WHAT IS NEEDED: Please reproduce the entries below exactly, omitting any images they contain.

SOURCE DATA:
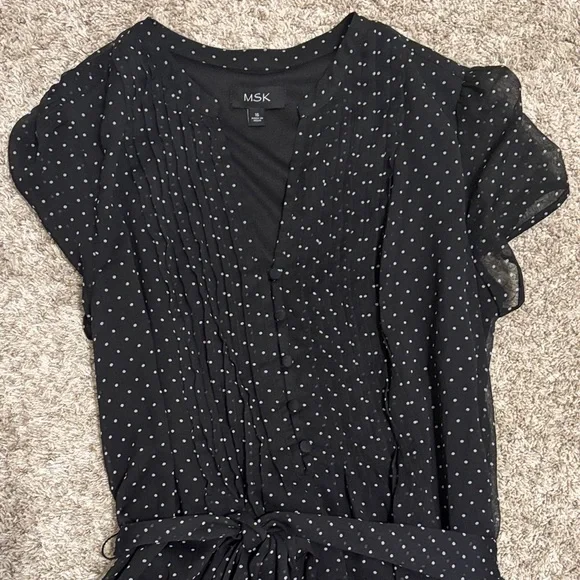 MSK Black and White Polka Dot Midi Dress - Picture 2 of 3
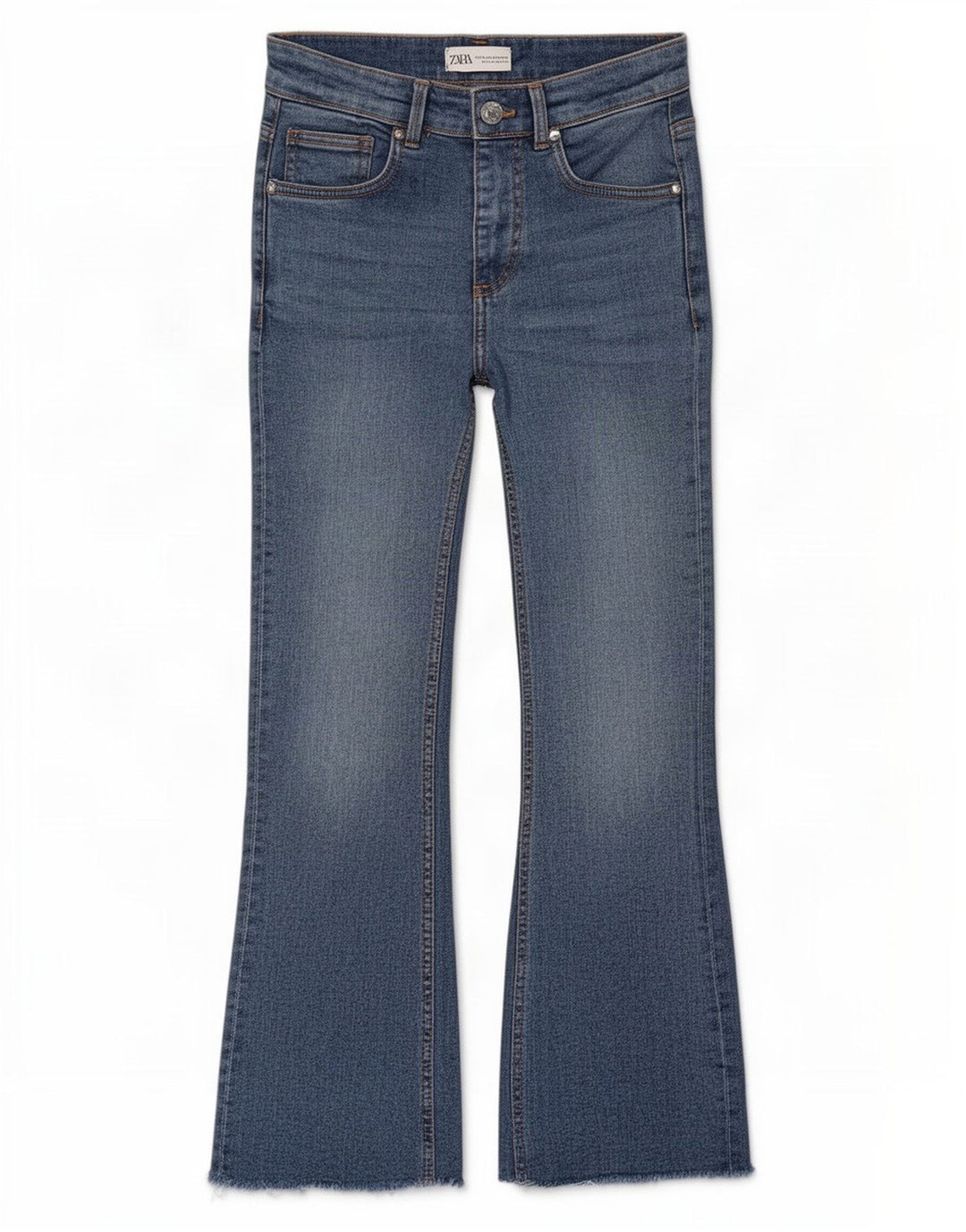 Zara Vaqueros Acampanados Mujer EU 36 XS W26 L25 Azul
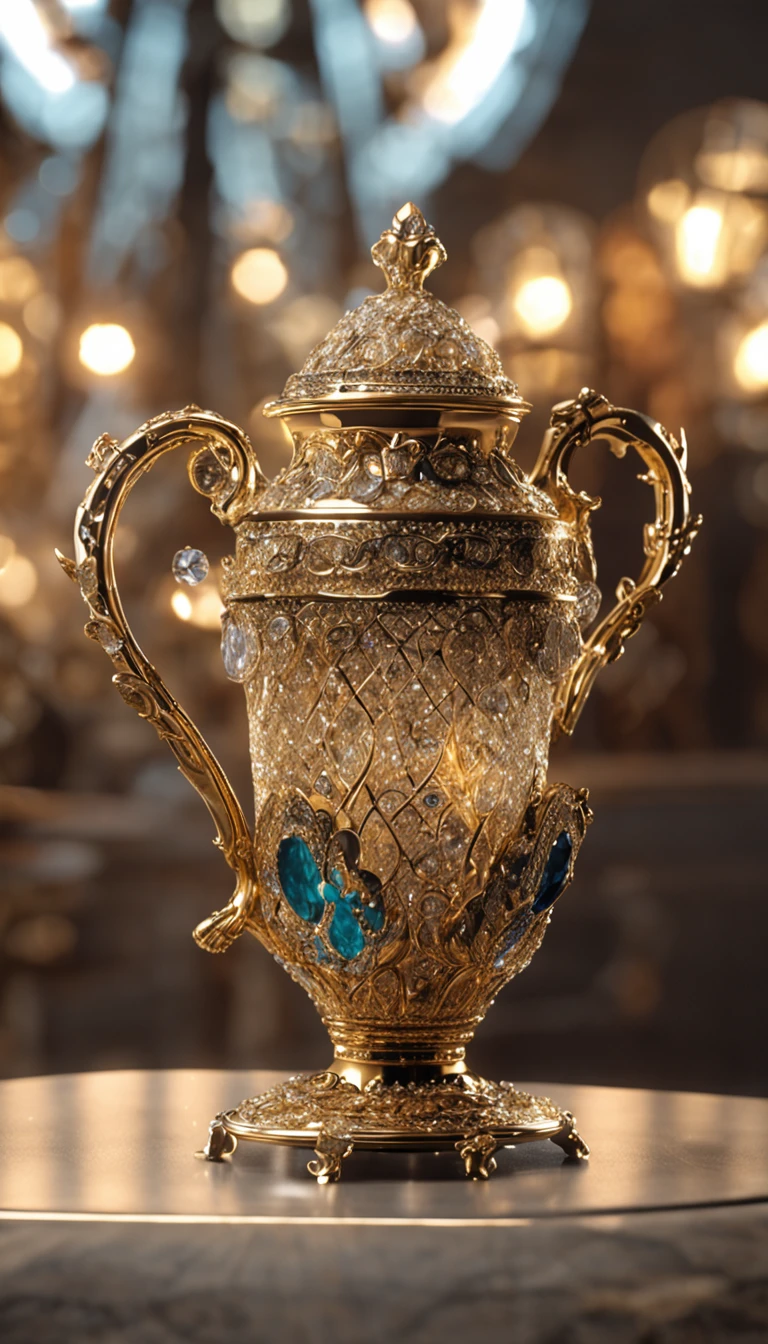 Luxurious diamond-set gilt night jug, The night exudes a mysterious and enchanting light。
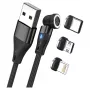 Kabel USB RealPower MagneticCharge3 1m USB A Czarny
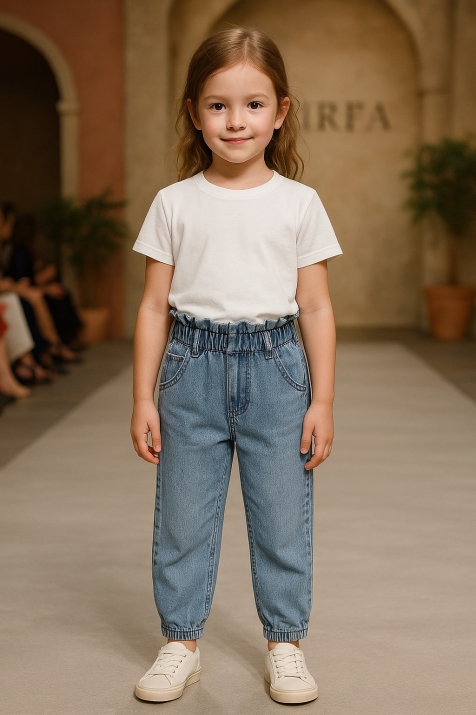 Детски дънки момиче , син цвят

WRITTEN SOLUTION:
 MSK Black and White Polka Dot Midi Dress - Picture 2 of 3
 Zara Vaqueros Acampanados Mujer EU 36 XS W26 L25 Azul
 Luxurious diamond-set gilt night jug, The night exudes a mysterious and enchanting light。
 Kabel USB RealPower MagneticCharge3 1m USB A Czarny
 Детски дънки момиче , син цвят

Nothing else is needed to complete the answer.